Fretful candidates then remain indefinitely crouched in TV-based warfare, closely watching every ad their opponent runs and responding in kind. This tit-for-tat fulfills a psychological need to simply do something, even if the benefits are unclear. TV spending is also logistically and intellectually easier than making meaningful, in-person voter contacts or building organizations to mobilize communities over the long term, which takes time, requires lots of people working together and bears uncertain prospects of success. TV, though, feels safe, especially given the establishment imprimatur. Mayor Gillum, by contrast, had success focusing on digital outreach, particularly text messaging.

In addition, media consultants dominate campaign budget decision-making — and stress the irreplaceability of TV. For lack of expertise, younger operatives accept media consultants’ conservative advice.

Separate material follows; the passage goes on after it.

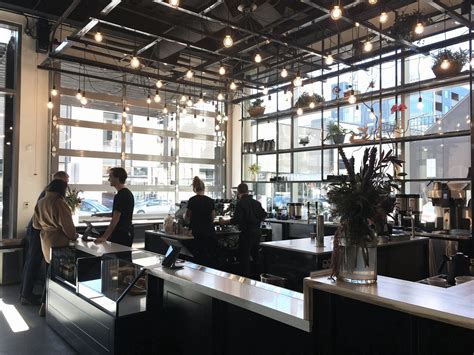 AVIANO COFFEE — 4240 Architecture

Longtime pollsters and other consultants, with experience rooted in the TV era, often share and reinforce media consultants’ view of how to win. The cycle is self-fulfilling.

Even assuming all these people labor for their causes in good faith, the perceived need for millions of dollars of TV advertising yields undesirable outcomes, both from a strategic perspective and for democracy. Fundraising demands favor candidates who can self-fund or raise large sums — potentially, for House candidates, on the order of $1,800 every day for two years — and those candidates are often mismatches for the constituencies they are trying to represent. Some have more money than political savvy.

In 2016, for instance, Democrats recruited Randy Perkins, a wealthy disaster-recovery company owner and political neophyte, to run in Florida’s 18th Congressional District because he could fund his own TV ads. The results were disastrous: Republicans were able to charge that Perkins’s company overbilled a Florida school district for hurricane cleanup. Perkins was attacked for connections to the locally hated sugar industry; for being accused a decade earlier of overbilling the federal government for Hurricane Katrina cleanup work; and for not registering to vote as a Democrat before the run-up to his campaign.

Other Democrats with less baggage lost the primary — one context in which television ads may still have considerable power — in part because they lacked the fundraising capacity to attract party support. Perkins, fatally flawed, was soundly beaten in the general election.

As TV audiences continue to shrink, we cannot assume institutionalized television spending will naturally phase itself out. Right now, media consultants make more money when candidates air more ads, regardless of whether the candidate wins. If they were instead compensated for the amount of work they do, and also, perhaps, awarded bonuses for winning, they could become more receptive to different campaign strategies. Campaigns could then wean themselves from overreliance on TV. A change as simple as a flat-fee structure — increasingly popular at nonpolitical marketing agencies for its tendency to encourage media-neutral spending recommendations — would help.

It is true that pollsters in a particular campaign may have race-specific data that suggest maximizing TV spending remains essential. (This issue generates a lot of heat when I raise it with consultants.) But the publicly available evidence is sufficiently equivocal that the burden of proof lies with those who believe a payment model that pushes up the cost of campaigns is worth the accompanying distortions of money in our politics.